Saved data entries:
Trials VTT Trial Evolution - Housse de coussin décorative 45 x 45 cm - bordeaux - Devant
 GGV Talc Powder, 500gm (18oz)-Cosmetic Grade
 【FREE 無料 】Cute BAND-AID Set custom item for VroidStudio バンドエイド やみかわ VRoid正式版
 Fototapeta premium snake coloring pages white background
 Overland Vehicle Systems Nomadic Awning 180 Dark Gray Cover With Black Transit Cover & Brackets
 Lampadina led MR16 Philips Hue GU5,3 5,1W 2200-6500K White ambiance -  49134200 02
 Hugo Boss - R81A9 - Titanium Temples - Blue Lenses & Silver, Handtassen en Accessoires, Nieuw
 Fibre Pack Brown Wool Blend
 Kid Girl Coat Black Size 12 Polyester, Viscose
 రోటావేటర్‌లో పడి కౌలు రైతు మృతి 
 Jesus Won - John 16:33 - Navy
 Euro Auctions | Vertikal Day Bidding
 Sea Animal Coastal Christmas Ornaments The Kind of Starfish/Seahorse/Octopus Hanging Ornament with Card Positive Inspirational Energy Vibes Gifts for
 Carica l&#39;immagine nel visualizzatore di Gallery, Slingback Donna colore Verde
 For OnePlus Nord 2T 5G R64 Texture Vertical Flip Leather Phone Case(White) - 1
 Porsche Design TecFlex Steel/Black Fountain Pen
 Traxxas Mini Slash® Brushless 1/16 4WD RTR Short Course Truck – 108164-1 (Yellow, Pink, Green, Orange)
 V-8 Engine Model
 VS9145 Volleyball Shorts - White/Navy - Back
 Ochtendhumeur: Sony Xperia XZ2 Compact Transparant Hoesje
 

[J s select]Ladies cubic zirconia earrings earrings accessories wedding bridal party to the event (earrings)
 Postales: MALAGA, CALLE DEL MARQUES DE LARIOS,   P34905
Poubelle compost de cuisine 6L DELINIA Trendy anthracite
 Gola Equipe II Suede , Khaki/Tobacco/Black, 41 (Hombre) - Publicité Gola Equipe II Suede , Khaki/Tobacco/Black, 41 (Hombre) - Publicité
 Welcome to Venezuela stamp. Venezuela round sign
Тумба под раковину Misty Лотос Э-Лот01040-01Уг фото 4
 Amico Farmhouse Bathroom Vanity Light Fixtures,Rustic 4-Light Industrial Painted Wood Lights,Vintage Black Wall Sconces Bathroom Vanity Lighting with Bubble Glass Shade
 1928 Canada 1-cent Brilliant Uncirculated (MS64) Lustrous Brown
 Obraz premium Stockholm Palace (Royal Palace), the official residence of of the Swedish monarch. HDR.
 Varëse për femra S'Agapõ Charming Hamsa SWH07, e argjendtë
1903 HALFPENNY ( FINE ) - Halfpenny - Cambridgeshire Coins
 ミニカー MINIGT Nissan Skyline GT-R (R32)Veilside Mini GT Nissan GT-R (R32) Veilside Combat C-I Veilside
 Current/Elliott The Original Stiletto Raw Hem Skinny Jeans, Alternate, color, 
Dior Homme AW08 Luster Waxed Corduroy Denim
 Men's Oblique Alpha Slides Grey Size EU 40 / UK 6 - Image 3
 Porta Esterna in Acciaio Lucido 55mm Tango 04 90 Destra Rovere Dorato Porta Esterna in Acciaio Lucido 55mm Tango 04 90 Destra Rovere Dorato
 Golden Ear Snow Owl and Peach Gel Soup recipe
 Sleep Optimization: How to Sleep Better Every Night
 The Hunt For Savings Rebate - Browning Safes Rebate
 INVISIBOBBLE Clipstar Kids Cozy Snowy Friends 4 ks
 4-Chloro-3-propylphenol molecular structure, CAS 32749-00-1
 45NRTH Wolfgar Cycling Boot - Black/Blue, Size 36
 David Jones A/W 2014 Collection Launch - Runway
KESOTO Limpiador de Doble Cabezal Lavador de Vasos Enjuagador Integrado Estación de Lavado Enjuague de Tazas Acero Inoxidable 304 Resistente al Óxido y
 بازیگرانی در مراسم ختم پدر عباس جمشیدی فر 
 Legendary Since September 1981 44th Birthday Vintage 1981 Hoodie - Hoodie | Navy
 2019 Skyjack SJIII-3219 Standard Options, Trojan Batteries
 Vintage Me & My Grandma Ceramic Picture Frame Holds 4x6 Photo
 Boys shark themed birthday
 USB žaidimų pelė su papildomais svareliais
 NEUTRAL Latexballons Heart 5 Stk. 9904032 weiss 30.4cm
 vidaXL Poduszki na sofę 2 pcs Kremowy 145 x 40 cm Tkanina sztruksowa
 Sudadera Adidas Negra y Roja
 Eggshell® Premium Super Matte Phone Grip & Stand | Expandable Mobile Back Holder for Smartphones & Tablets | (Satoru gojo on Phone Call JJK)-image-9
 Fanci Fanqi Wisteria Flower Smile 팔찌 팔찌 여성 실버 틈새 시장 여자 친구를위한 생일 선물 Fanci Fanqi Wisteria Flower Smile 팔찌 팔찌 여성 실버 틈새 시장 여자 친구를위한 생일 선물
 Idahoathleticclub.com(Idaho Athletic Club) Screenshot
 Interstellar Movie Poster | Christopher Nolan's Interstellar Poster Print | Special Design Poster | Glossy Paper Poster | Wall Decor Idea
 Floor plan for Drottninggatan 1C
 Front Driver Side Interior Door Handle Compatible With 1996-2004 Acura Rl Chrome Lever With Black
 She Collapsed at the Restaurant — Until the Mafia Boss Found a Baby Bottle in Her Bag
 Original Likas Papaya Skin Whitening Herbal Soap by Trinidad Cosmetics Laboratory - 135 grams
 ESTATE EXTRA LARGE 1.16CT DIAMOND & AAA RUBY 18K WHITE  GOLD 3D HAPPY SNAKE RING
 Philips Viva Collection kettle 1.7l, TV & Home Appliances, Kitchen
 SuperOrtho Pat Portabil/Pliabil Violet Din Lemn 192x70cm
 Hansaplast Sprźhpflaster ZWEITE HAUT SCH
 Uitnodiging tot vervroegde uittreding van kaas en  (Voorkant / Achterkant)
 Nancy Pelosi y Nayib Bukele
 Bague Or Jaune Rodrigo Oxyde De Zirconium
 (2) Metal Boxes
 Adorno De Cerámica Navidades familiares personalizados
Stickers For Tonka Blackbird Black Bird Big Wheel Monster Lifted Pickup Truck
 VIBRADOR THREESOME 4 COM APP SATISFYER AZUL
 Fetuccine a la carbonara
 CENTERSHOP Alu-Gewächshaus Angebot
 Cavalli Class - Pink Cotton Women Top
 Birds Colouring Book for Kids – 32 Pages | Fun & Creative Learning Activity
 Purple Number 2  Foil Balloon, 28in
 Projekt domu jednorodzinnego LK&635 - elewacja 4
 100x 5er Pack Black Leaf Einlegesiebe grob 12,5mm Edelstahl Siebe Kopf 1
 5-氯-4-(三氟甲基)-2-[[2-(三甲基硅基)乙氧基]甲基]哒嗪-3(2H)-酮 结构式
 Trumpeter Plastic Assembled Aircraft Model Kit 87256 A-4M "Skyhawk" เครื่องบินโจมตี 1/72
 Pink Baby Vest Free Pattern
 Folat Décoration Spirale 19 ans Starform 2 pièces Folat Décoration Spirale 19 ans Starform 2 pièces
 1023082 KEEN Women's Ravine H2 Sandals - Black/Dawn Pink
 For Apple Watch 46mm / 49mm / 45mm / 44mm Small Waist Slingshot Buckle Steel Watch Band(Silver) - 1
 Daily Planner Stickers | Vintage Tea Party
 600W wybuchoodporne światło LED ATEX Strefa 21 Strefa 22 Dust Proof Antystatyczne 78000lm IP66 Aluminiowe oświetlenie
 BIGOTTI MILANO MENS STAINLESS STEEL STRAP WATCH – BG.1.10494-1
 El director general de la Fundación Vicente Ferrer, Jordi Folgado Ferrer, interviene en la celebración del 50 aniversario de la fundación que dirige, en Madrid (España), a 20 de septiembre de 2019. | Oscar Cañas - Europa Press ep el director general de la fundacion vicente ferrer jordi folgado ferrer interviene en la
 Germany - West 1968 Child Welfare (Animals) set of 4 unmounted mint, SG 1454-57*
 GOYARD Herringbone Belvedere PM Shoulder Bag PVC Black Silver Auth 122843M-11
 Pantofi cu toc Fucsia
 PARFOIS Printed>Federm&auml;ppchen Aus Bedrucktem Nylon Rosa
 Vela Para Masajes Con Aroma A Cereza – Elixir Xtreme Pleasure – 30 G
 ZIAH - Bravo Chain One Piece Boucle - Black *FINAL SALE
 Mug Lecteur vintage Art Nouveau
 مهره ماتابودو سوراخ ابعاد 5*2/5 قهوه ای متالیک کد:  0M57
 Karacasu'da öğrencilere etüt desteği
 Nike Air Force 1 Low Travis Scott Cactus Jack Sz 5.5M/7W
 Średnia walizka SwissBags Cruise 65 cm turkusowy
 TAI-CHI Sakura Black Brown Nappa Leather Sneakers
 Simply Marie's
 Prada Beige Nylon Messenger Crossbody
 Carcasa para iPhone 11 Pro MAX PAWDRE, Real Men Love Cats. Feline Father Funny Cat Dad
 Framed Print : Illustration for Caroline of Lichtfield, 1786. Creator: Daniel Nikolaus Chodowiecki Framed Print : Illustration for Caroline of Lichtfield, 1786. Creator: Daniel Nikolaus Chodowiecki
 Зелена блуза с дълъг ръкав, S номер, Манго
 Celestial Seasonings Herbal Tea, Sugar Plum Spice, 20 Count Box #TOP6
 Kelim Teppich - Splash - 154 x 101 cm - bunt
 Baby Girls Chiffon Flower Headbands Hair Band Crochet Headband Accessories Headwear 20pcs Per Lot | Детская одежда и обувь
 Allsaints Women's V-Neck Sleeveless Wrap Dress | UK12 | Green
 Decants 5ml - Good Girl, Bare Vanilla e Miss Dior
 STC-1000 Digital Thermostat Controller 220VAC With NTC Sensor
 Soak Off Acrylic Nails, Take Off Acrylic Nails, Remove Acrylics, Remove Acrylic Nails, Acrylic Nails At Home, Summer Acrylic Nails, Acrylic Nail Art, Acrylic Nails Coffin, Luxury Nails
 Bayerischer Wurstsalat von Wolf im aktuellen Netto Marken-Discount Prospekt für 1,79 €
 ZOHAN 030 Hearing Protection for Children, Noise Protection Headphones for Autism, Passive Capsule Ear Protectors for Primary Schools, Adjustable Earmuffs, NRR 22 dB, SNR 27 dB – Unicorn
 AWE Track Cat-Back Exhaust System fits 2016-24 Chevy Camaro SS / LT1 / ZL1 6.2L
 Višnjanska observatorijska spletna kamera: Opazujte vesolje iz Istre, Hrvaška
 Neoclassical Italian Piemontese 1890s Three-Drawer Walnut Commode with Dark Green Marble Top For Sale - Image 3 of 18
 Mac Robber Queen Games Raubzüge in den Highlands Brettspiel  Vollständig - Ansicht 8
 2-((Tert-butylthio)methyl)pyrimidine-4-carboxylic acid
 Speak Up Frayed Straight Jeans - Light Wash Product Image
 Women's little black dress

• Aim of the exercise: Above are the records; copy exactly the lines from the line with "Fibre Pack Brown Wool Blend" through the line with "ミニカー MINIGT Nissan", both included.

• Answer box:
 Fibre Pack Brown Wool Blend
 Kid Girl Coat Black Size 12 Polyester, Viscose
 రోటావేటర్‌లో పడి కౌలు రైతు మృతి 
 Jesus Won - John 16:33 - Navy
 Euro Auctions | Vertikal Day Bidding
 Sea Animal Coastal Christmas Ornaments The Kind of Starfish/Seahorse/Octopus Hanging Ornament with Card Positive Inspirational Energy Vibes Gifts for
 Carica l&#39;immagine nel visualizzatore di Gallery, Slingback Donna colore Verde
 For OnePlus Nord 2T 5G R64 Texture Vertical Flip Leather Phone Case(White) - 1
 Porsche Design TecFlex Steel/Black Fountain Pen
 Traxxas Mini Slash® Brushless 1/16 4WD RTR Short Course Truck – 108164-1 (Yellow, Pink, Green, Orange)
 V-8 Engine Model
 VS9145 Volleyball Shorts - White/Navy - Back
 Ochtendhumeur: Sony Xperia XZ2 Compact Transparant Hoesje
 

[J s select]Ladies cubic zirconia earrings earrings accessories wedding bridal party to the event (earrings)
 Postales: MALAGA, CALLE DEL MARQUES DE LARIOS,   P34905
Poubelle compost de cuisine 6L DELINIA Trendy anthracite
 Gola Equipe II Suede , Khaki/Tobacco/Black, 41 (Hombre) - Publicité Gola Equipe II Suede , Khaki/Tobacco/Black, 41 (Hombre) - Publicité
 Welcome to Venezuela stamp. Venezuela round sign
Тумба под раковину Misty Лотос Э-Лот01040-01Уг фото 4
 Amico Farmhouse Bathroom Vanity Light Fixtures,Rustic 4-Light Industrial Painted Wood Lights,Vintage Black Wall Sconces Bathroom Vanity Lighting with Bubble Glass Shade
 1928 Canada 1-cent Brilliant Uncirculated (MS64) Lustrous Brown
 Obraz premium Stockholm Palace (Royal Palace), the official residence of of the Swedish monarch. HDR.
 Varëse për femra S'Agapõ Charming Hamsa SWH07, e argjendtë
1903 HALFPENNY ( FINE ) - Halfpenny - Cambridgeshire Coins
 ミニカー MINIGT Nissan Skyline GT-R (R32)Veilside Mini GT Nissan GT-R (R32) Veilside Combat C-I Veilside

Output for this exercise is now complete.